All entries must be returned precisely as they appear.
______________________________
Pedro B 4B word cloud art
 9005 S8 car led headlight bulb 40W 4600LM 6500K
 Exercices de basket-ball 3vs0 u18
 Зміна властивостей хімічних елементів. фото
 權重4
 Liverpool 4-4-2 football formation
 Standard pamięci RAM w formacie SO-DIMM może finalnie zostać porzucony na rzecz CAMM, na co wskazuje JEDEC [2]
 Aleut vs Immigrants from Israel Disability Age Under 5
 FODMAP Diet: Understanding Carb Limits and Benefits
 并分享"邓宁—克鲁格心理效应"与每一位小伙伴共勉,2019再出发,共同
______________________________
__Problem solution__
Pedro B 4B word cloud art
 9005 S8 car led headlight bulb 40W 4600LM 6500K
 Exercices de basket-ball 3vs0 u18
 Зміна властивостей хімічних елементів. фото
 權重4
 Liverpool 4-4-2 football formation
 Standard pamięci RAM w formacie SO-DIMM może finalnie zostać porzucony na rzecz CAMM, na co wskazuje JEDEC [2]
 Aleut vs Immigrants from Israel Disability Age Under 5
 FODMAP Diet: Understanding Carb Limits and Benefits
 并分享"邓宁—克鲁格心理效应"与每一位小伙伴共勉,2019再出发,共同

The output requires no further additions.